Configuration Reference#

All orchestration happens through YAML configuration files. This page documents every configuration option used by run_training.py and run_eval.py, including which keys are required and which ones have defaults.

How defaults work#

  • Missing keys fall back to the defaults listed below via .get(...).

  • Modality blocks (interpolation, extrapolation, sparse, batch_scaling, uncertainty) are disabled if the entire block is omitted.

  • Evaluation switches (losses, iterative, gradients, timing, compute, compare) default to False if omitted.

  • Required keys must be provided or the run will fail.

Top-level keys#

Key

Required

Default

Used by

Notes

training_id

Yes

None

Training, Eval

Folder name under trained/, results/, and plots/.

surrogates

Yes

None

Training, Eval

Ordered list of surrogate class names.

batch_size

Yes

None

Training, Eval

Int or list aligned with surrogates.

epochs

Yes

None

Training, Eval

Int or list aligned with surrogates.

devices

Yes

None

Training, Eval

List of device strings (cpu, cuda:0, mps, …).

seed

No

42

Training

Random seed for training.

verbose

No

false

Training, Eval

Extra data-loading logs.

checkpoint

No

false

Training

Enables best-checkpoint saving per model.

Dataset block#

Key

Required

Default

Used by

Notes

dataset.name

Yes

None

Training, Eval

Folder inside datasets/.

dataset.log10_transform

No

true

Training, Eval

Log10 transform the data.

dataset.log10_transform_params

No

true

Training, Eval

Log10 transform the parameters (if present).

dataset.normalise

No

"minmax"

Training, Eval

"minmax", "standardise", or "disable".

dataset.normalise_per_species

No

false

Training, Eval

Normalize each species independently.

dataset.tolerance

No

None

Training, Eval

Lower bound before log transform (None means no lower bound).

dataset.subset_factor

No

1

Training

Down-samples data (smoke tests).

dataset.log_timesteps

No

false

Eval

Used for plotting/log-time axes.

dataset.use_optimal_params

No

true

Training, Eval

Load surrogate-specific defaults from dataset configs.

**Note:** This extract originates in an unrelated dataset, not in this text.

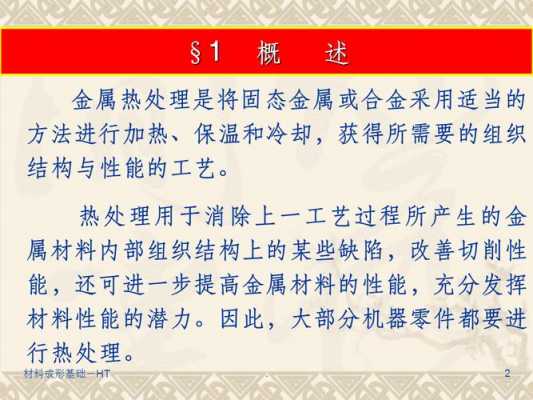  金属材料热处理危险吗「金属热处理有毒吗」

Modality blocks (optional)#

All modality blocks are disabled if omitted. If enabled: true, the corresponding list/value is required.

Block

Required

Default

Keys when enabled

interpolation

No

disabled

intervals (list of ints)

extrapolation

No

disabled

cutoffs (list of ints)

sparse

No

disabled

factors (list of ints)

batch_scaling

No

disabled

sizes (list of factors, e.g. ["1/2", "1/4"])

uncertainty

No

disabled

ensemble_size (int)

Evaluation switches#

All switches default to false if omitted.

Key

Default

Notes

losses

false

Plots training and test losses.

iterative

false

Iterative roll-out evaluation.

gradients

false

Gradient vs error analysis.

timing

false

Inference timing benchmarks.

compute

false

Memory/parameter count benchmarks.

compare

false

Cross-surrogate comparison plots/tables.

Metric options#

Key

Default

Notes

relative_error_threshold

0.0

Denominator floor for relative error.

error_percentile

99

Percentile used in error summaries.

Full example config (defaults)#

This example includes every key with the default behavior applied. Required values are filled with common placeholders.

# Required
training_id: "example_run"
surrogates: ["MultiONet"]
batch_size: [65536]
epochs: [200]
devices: ["cpu"]

# Optional (defaults)
seed: 42
verbose: false
checkpoint: false

dataset:
  name: "osu2008"
  log10_transform: true
  log10_transform_params: true
  normalise: "minmax"
  normalise_per_species: false
  tolerance: null
  subset_factor: 1
  log_timesteps: false
  use_optimal_params: true

# Modalities (disabled unless enabled)
interpolation:
  enabled: false
  intervals: [2, 3, 4]
extrapolation:
  enabled: false
  cutoffs: [50, 60, 70]
sparse:
  enabled: false
  factors: [2, 4, 8]
batch_scaling:
  enabled: false
  sizes: ["1/16", "1/8", "1/4", "1/2"]
uncertainty:
  enabled: false
  ensemble_size: 5

# Evaluation switches (default false)
losses: false
iterative: false
gradients: false
timing: false
compute: false
compare: false

# Metric options
relative_error_threshold: 0.0
error_percentile: 99